▶ [TASK DIRECTIONS]:
This task calls for the lines below starting at the one containing "Condo in Sunny" and ending at the one containing "2009 Mercury Grand Marquis Image 10", repeated exactly with both ends kept and pictures left out.

━━━━━ PROVIDED DATA

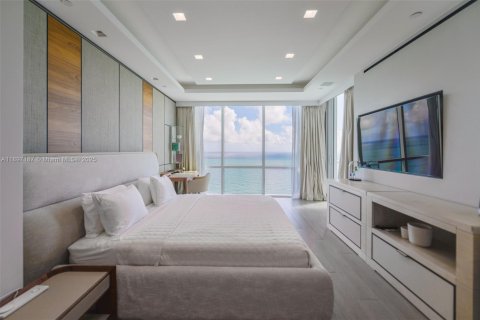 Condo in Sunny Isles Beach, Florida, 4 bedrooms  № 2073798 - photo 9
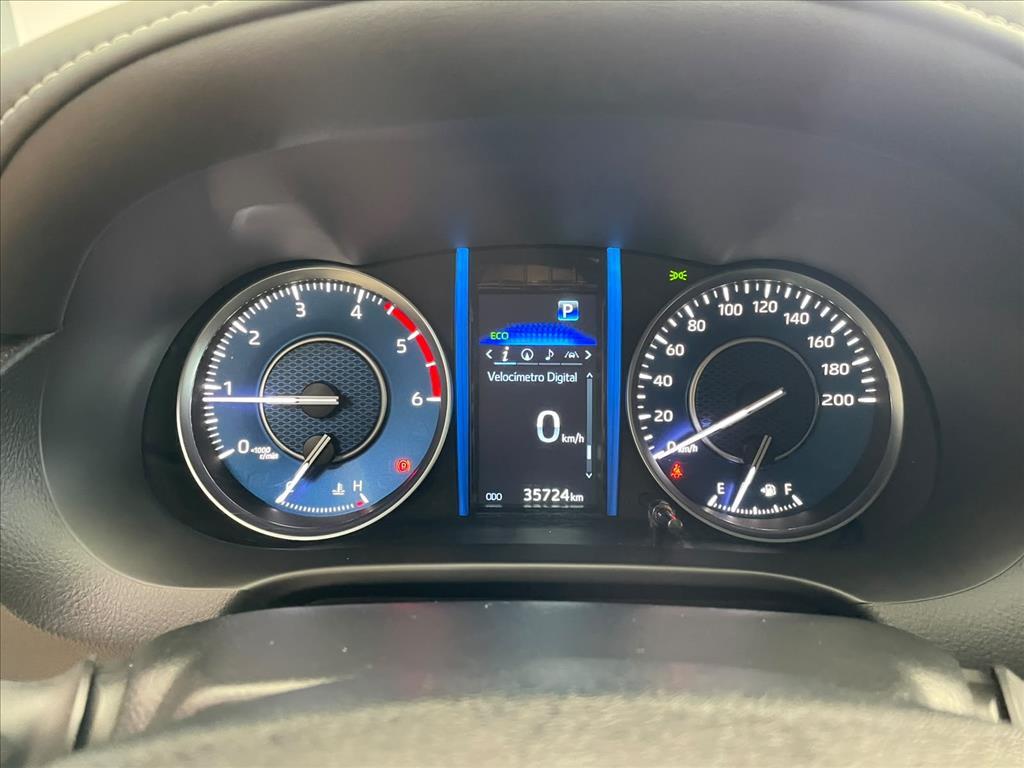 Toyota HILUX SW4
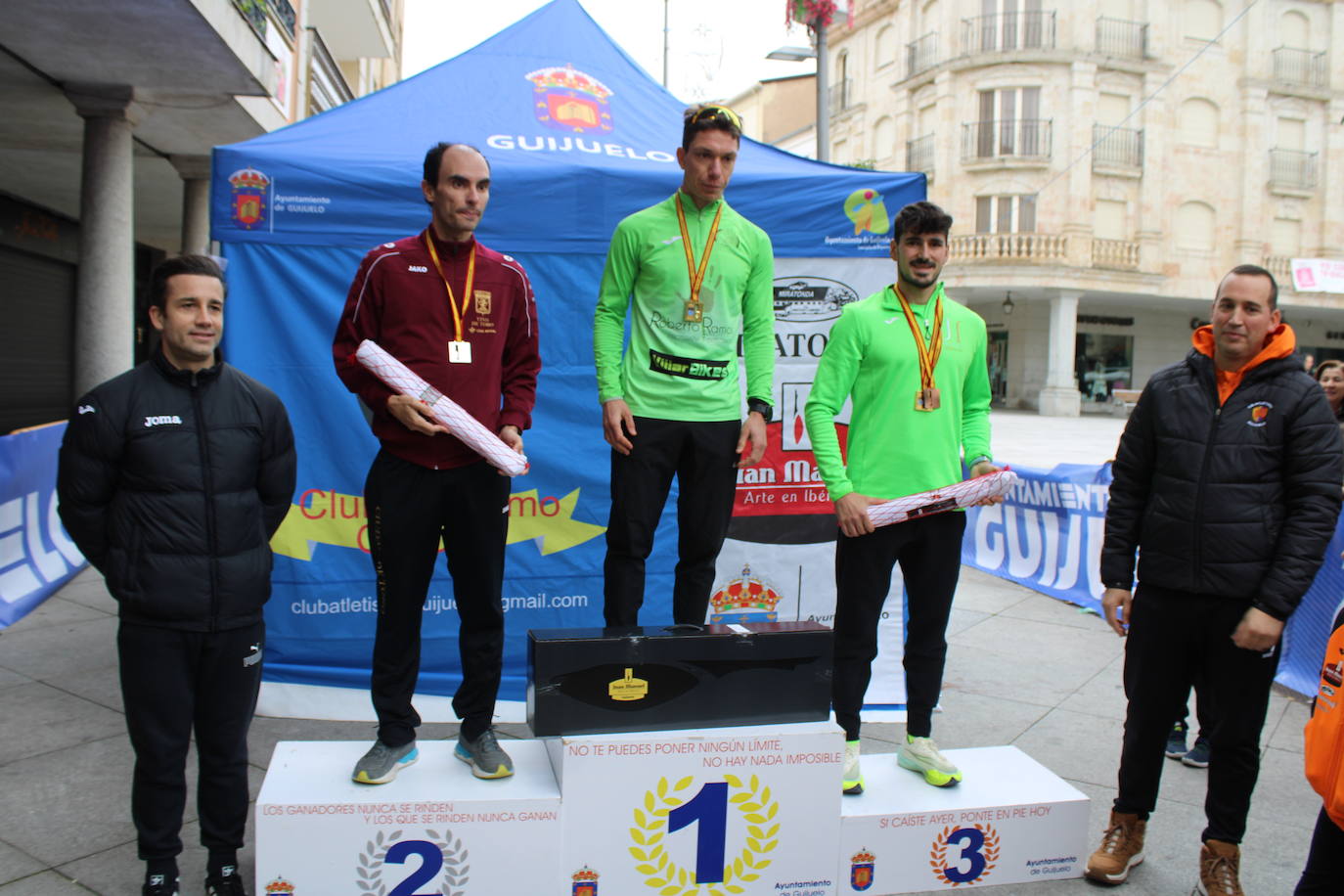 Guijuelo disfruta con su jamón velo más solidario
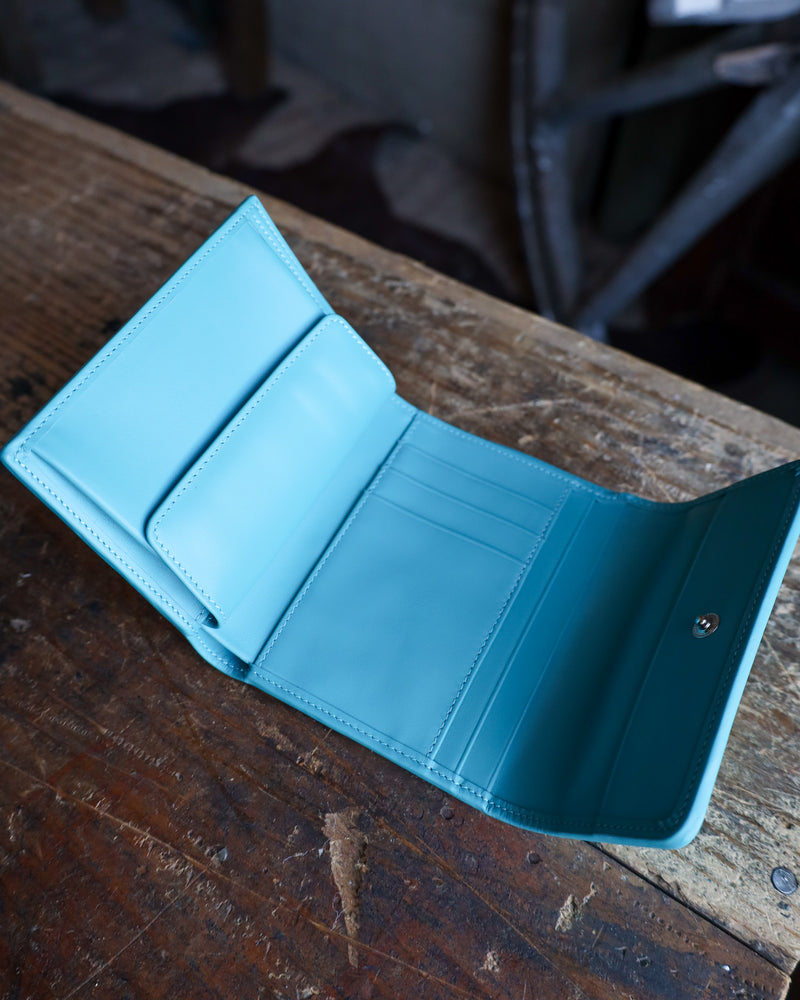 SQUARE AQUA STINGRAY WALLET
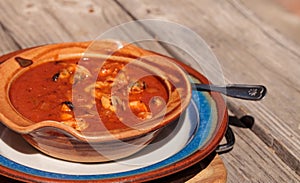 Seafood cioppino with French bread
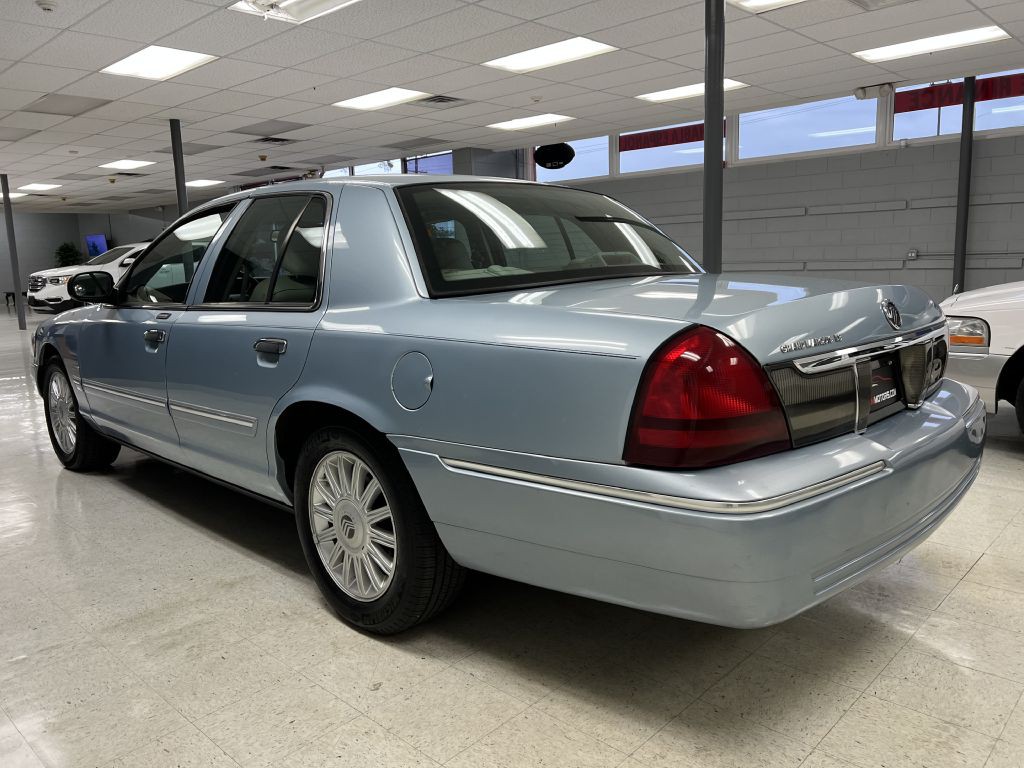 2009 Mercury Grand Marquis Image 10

━━━━━━━━━━
━━━━━ PROVIDED DATA

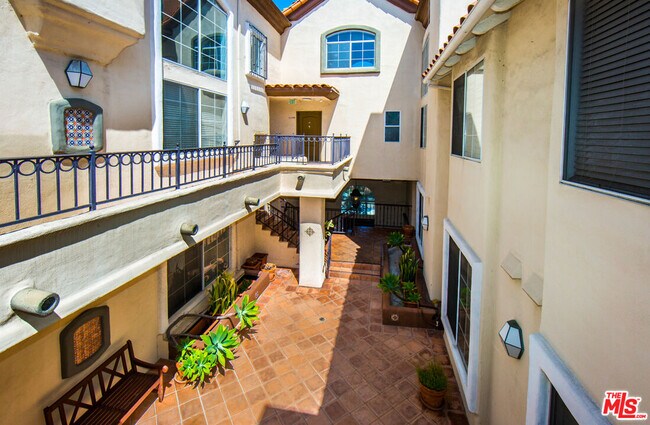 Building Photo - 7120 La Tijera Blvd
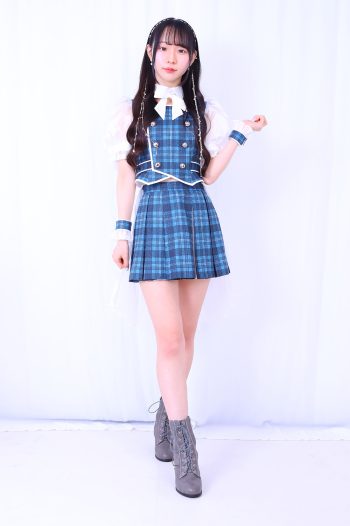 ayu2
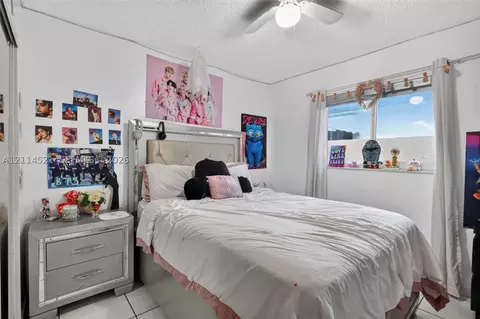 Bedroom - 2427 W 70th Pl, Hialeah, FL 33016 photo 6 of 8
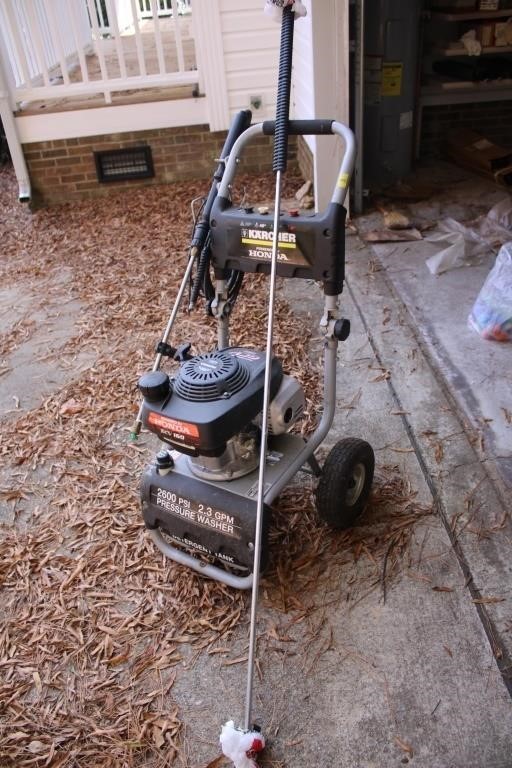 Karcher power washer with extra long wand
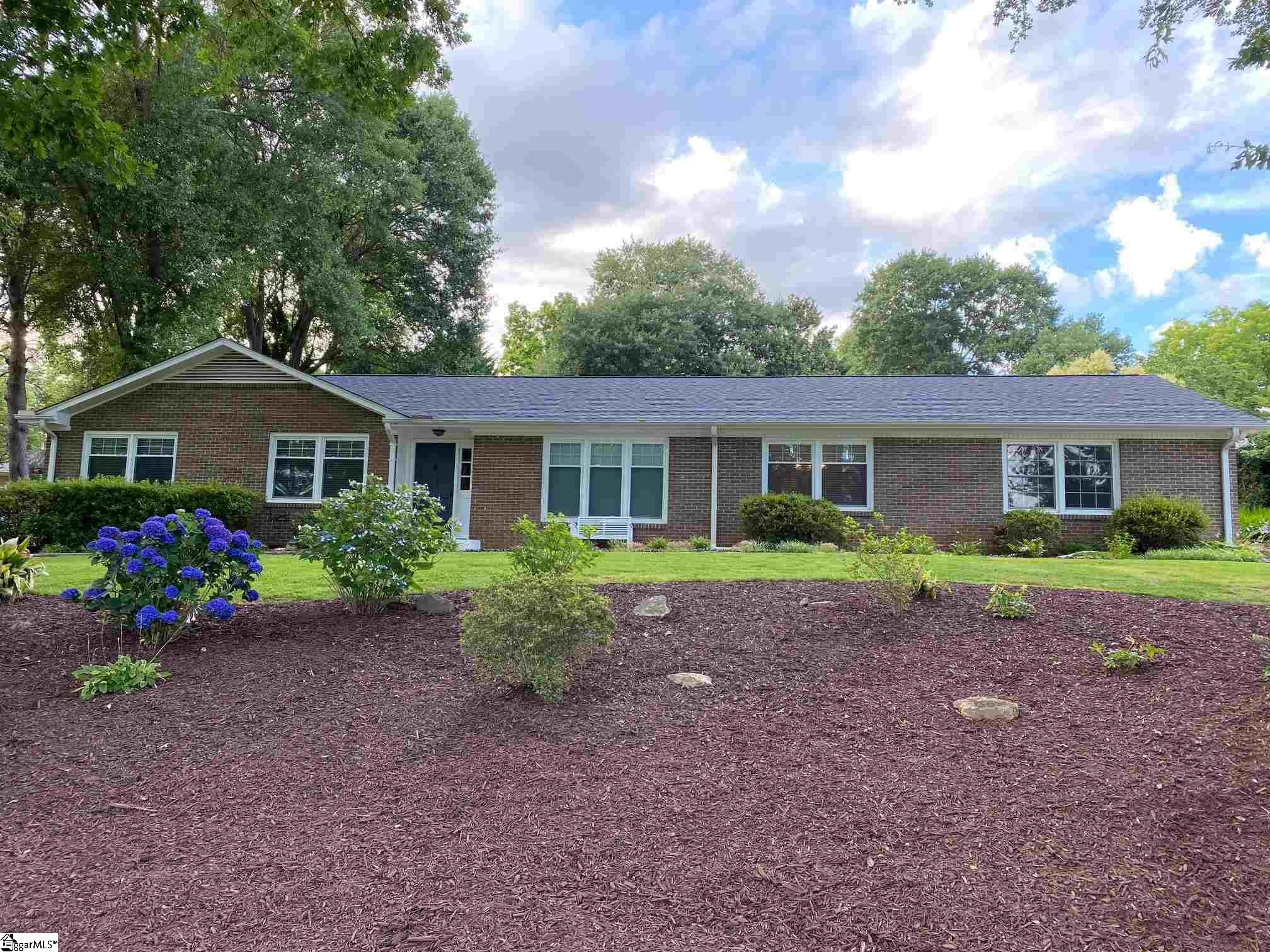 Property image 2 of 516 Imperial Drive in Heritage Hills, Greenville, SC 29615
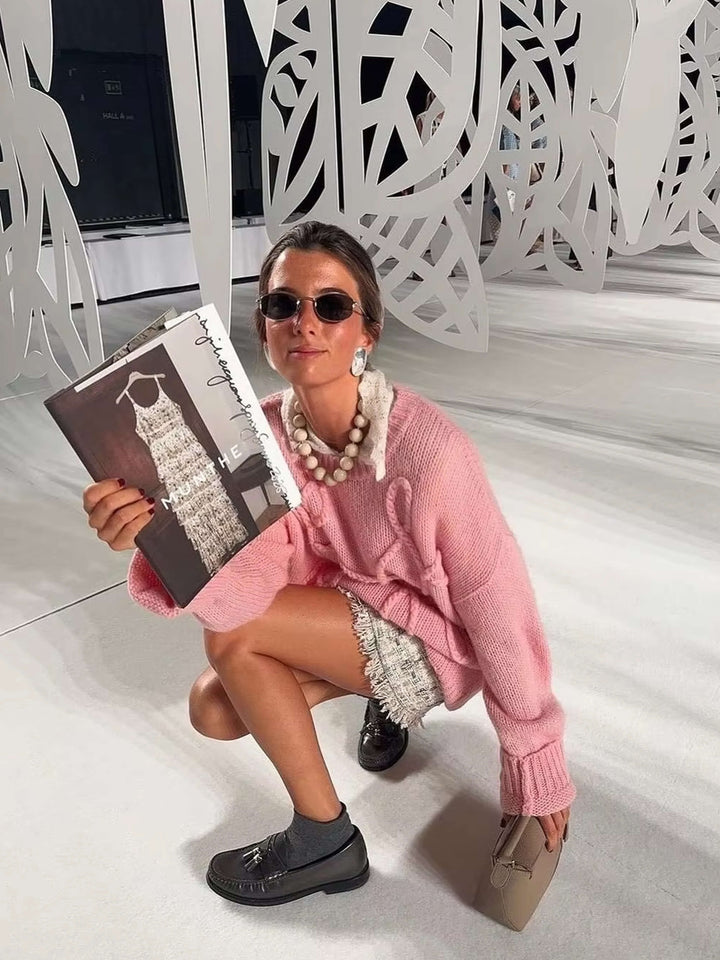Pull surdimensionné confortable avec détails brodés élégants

━━━━━━━━━━

▶ [ANSWER SECTION]:
 Condo in Sunny Isles Beach, Florida, 4 bedrooms  № 2073798 - photo 9
 Toyota HILUX SW4
 Guijuelo disfruta con su jamón velo más solidario
 SQUARE AQUA STINGRAY WALLET
 Seafood cioppino with French bread
 2009 Mercury Grand Marquis Image 10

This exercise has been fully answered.